There will always be hobbyist programmers. We are slowly transitioning from the Wild West (a free for all where anyone can participate) to a mature technology (a cartel of established players), but that doesn't mean hobbyists will go away.
Hobbyists are their own worst enemy. Crackers are just hobbyist programmers using their skills for evil. You give freedom to the general public and you're going to get evil along with the good. Take the freedom away and you take away the good along with the evil. We have been searching for a way to keep it under control, without success. It's not like murder or theft. With a computer you can do a LOT of damage instantaneously, and computer crimes are notoriously hard to track down. It's more like nuclear missile technology. You can be a nuclear hobbyist, and there used to be nuclear hobbyists, but nobody is going to let you build a bomb.

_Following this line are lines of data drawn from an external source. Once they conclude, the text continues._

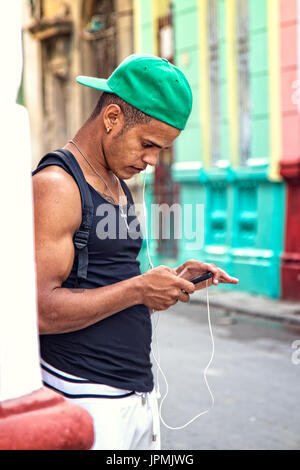 Un jeune homme utilise son appareil mobile avec des écouteurs sur les rues de la ville de La Havane, Cuba. Banque D'Images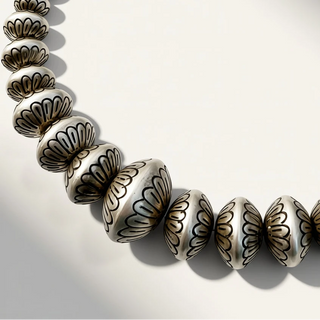 Necklace with decorative beads on a light background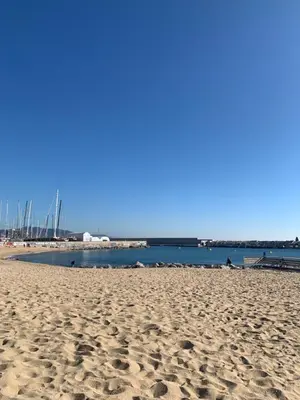 a sandy beach with the ocean in the background at Badalona Beach Apartment in Badalona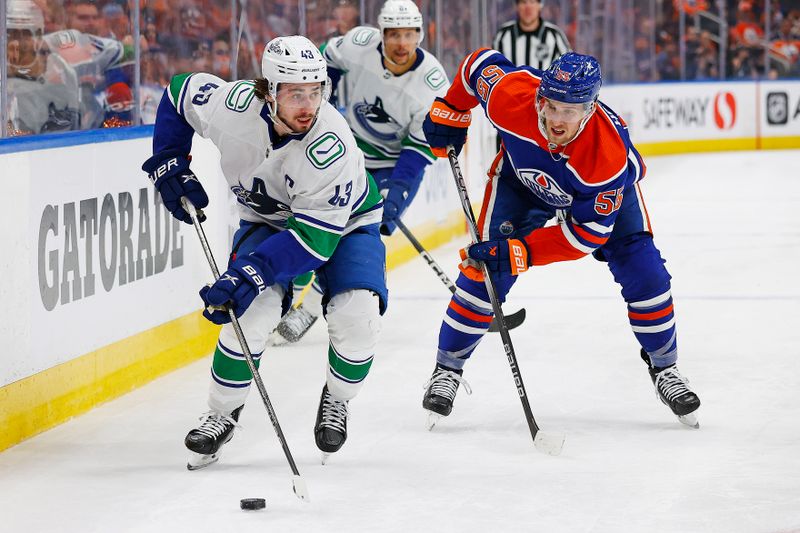 May 14, 2024; Edmonton, Alberta, CAN; Vancouver Canucks defensemen Quinn Hughes (43) looks to make a pass in front of Edmonton Oilers forward Dylan Holloway (55) during the second period in game four of the second round of the 2024 Stanley Cup Playoffs at Rogers Place. Mandatory Credit: Perry Nelson-USA TODAY Sports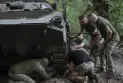 Civilians flee from Bakhmut as the Russian army advances towards the main city in eastern Ukraine.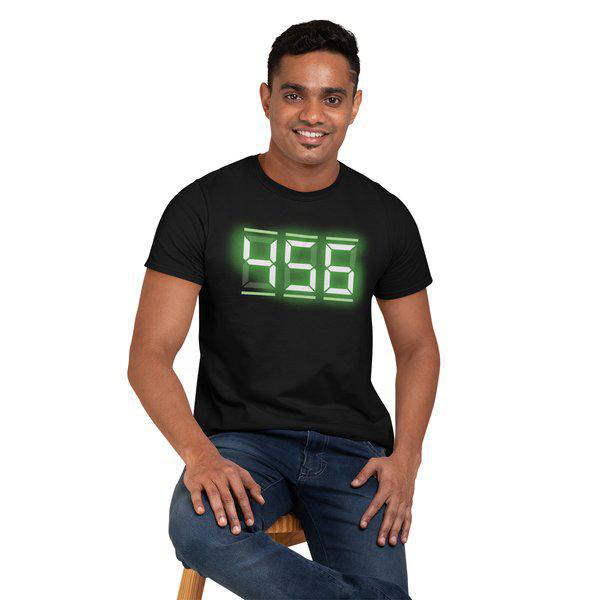 Mann trägt ein schwarzes T-Shirt mit digitaler Anzeige '956'. Er sitzt auf einem Hocker und lächelt.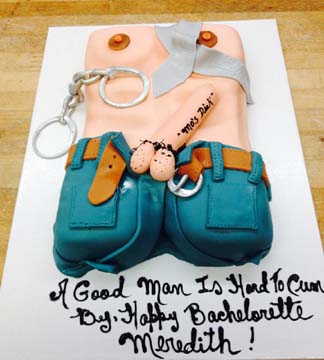 A cake shaped like a mans torso with fondant overalls and handcuffs, featuring the message A Good Man Is Hard To Cum By. Happy Bachelorette Meredith!.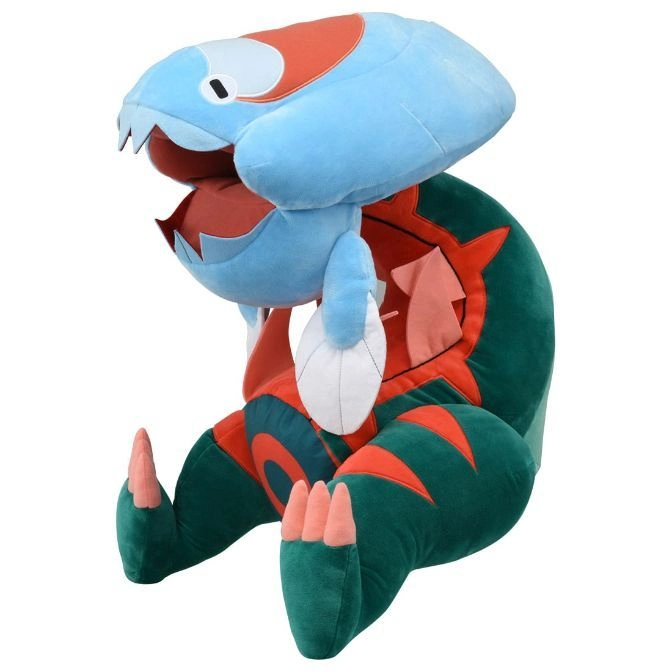Plush Drakloak toy with blue head, green body, and orange accents, sitting upright.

Really the public wants the hobbyists brought under control. We romanticize gunslingers and pirates as folk heroes, but we don't tolerate them. Same with hobbyist hackers.
There are still electronics hobbyists in this age of surface mounted custom chips. There are still automotive hobbyists in an era of integrated microprocessor controlled engines. There are still video hobbyists in an era of encrypted hdmi. Nothing is stopping you from taking up telegraphy in an age of satellite TV and the internet.
Hobby programming will continue, and you'll pay extra for the privilege. Computers used to cost a pretty penny, and a hobby quality machine (not locked down) will again be a premium, high-cost, niche item, just like it was in the late 70s. But it will never go away.